Given its location and proximity to the shore, one can get beautiful views even without making the short trek to this lighthouse’s peak. Unlike most others featured here, the house itself isn’t meant to be a museum per se but is instead furnished to replicate what it would’ve looked like back in its heyday. Here we are again with the old greeting the new, as this little lighthouse will both take you back in time and make for the perfect Instagram photo.
7 – Sandy Hook Lighthouse – Sandy Hook, NJ
The list would be incomplete without the Sandy Hook Lighthouse, which is the oldest operating lighthouse in the U.S. It was first lit in 1764 and is still in use today. There are many reasons this one makes the cut for one of the best lighthouses in New Jersey. One factor some may appreciate the most is it’s the closest of them all to NYC. It’s just a little way up the coast from the Twin Lights of Navesink, so if you wanted to catch both on the same day, that wouldn’t be too difficult to accomplish. Like the Twin Lights, this lighthouse is full of rich history because of its critical proximity and vantage point of the New York City Harbor.

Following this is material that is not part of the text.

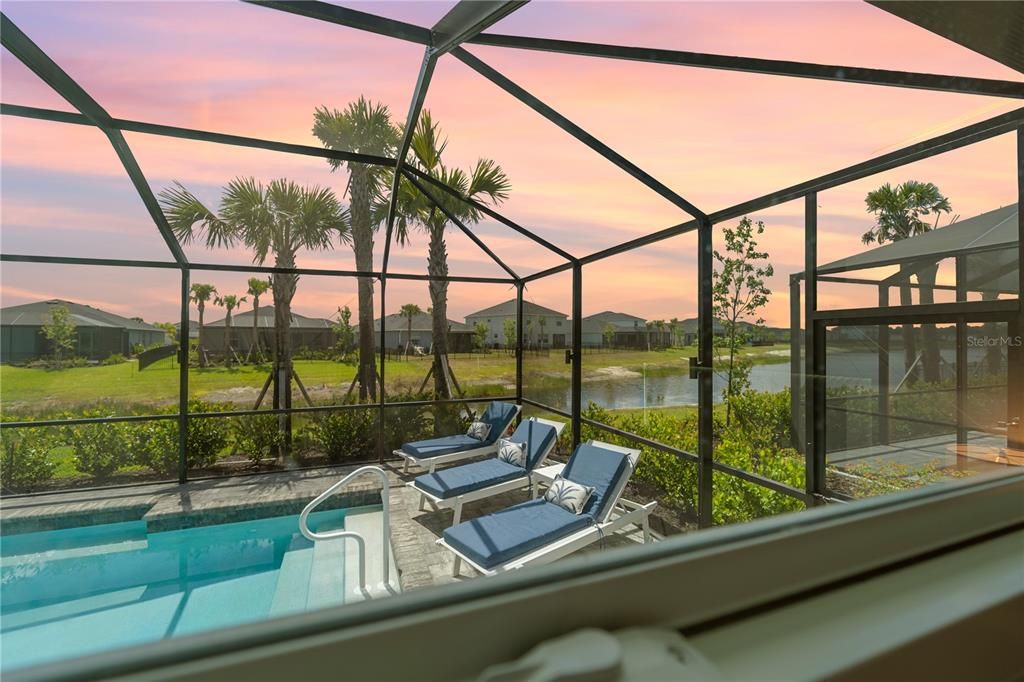 For Sale: $559,000 (3 beds, 3 baths, 2217 Square Feet)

Tours are available here but often are in high demand. Even if you can’t hop onto a tour, the surrounding area offers various activities and sites such as parks, beaches, and numerous historical landmarks. The views of NYC alone could be reason enough to make the journey out to the Sandy Hook Lighthouse.

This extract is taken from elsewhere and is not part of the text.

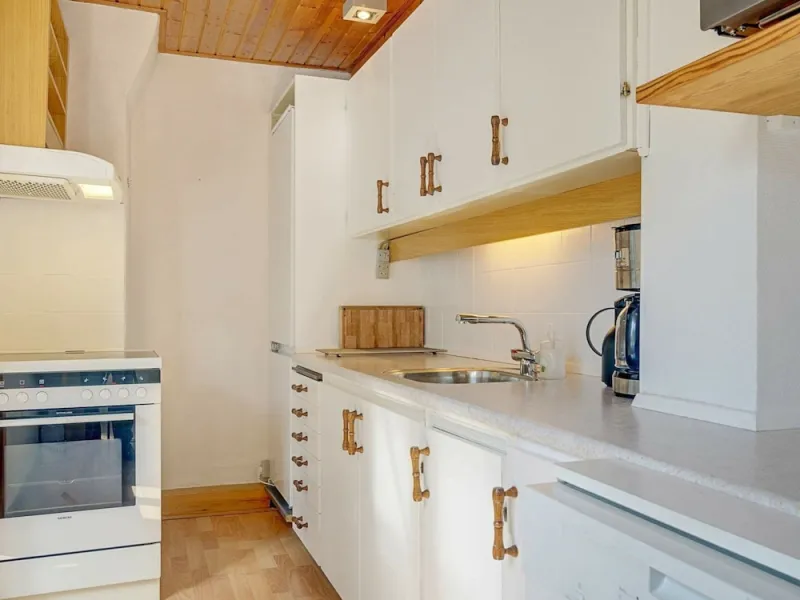 Billede 2 af 5 Person Holiday Home in Ronne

8 – Tucker’s Beach Lighthouse – Tuckerton, NJ
The last inclusion for the eight best lighthouses in New Jersey was a difficult choice. In the end, it was the story behind Tucker’s Beach Lighthouse that earned it a spot. The lighthouse you can visit today is a replica of the one that used to stand on Tucker’s Island. In the 1700s, Reuben Tucker purchased the area of land that became Tucker’s Island. However, when the land was purchased, it was no island. Rather, it was just an extension on the southside of what today is Long Beach Island. By the 1800s, the ocean had cut through on the northern end of the land, forming what became known as Tucker’s Island.
In 1848, the lighthouse was built. The inlet formed by the ocean years earlier ended up breaking in 1920, and slowly water began moving south. This was the beginning of the end for the island. In 1927, the lighthouse was taken by the sea (apparently, this is common with NJ lighthouses). Remarkably, this sequence of events was captured by Arthur Rider in the photos below. In the next 20 years, every building on the island met a similar fate. By 1952, the island had disappeared entirely.

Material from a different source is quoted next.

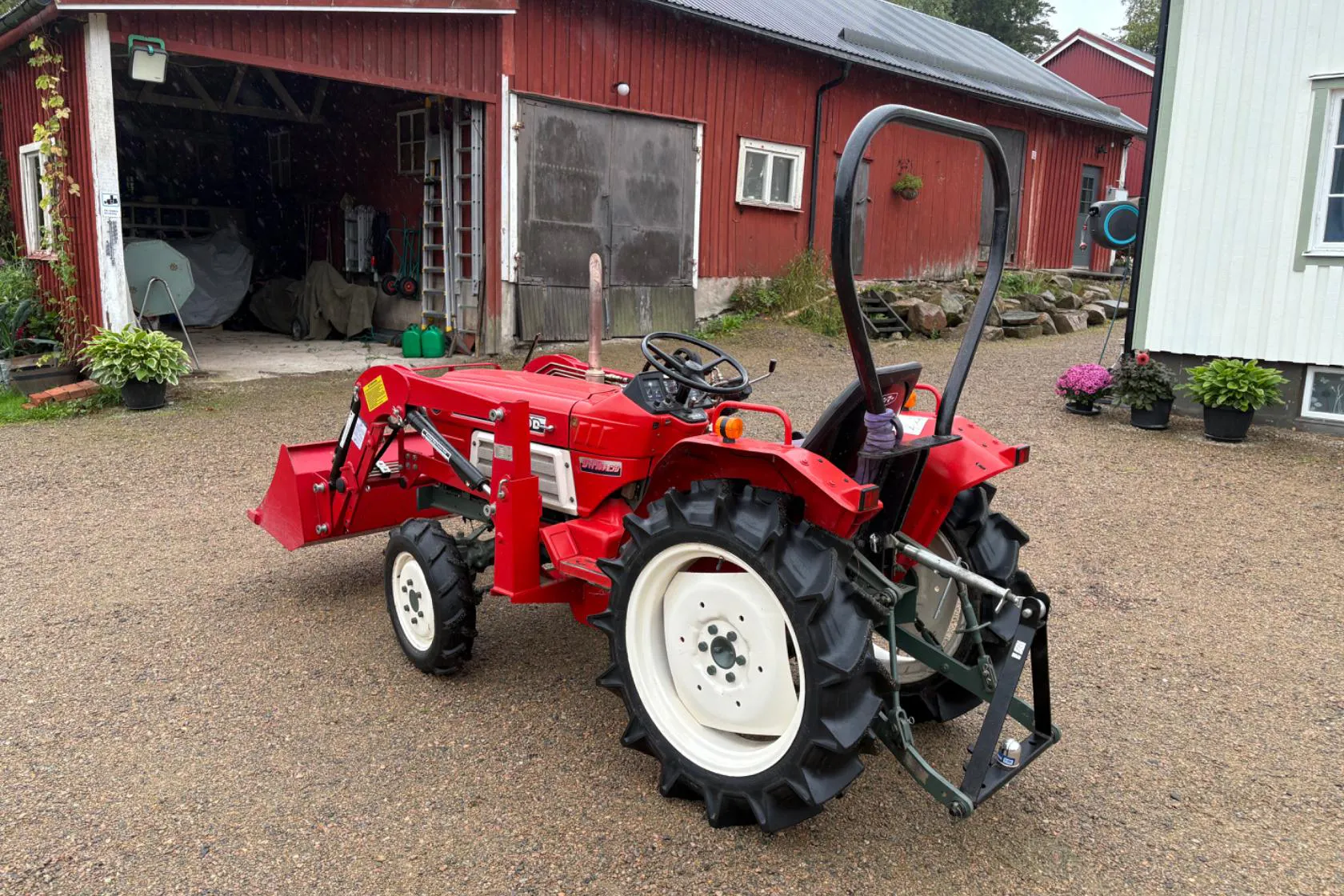 Presentation photo 2 of 42: Yanmar YM1820D -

This replica structure is more than just a cool backstory; it’s nestled today in Tuckerton Seaport Village, which is just across the water from its original location. It might not have breathtaking views or be the most picturesque lighthouse, but it does offer an exciting maritime museum, among other amenities. This small seaport village looks like the ideal place to get away from the hustle and bustle of city life. Plus, it’s only a short trip away from Long Beach Island. Ultimately, the photo sequence below made this lighthouse a must-include for this list; technology has come a long way.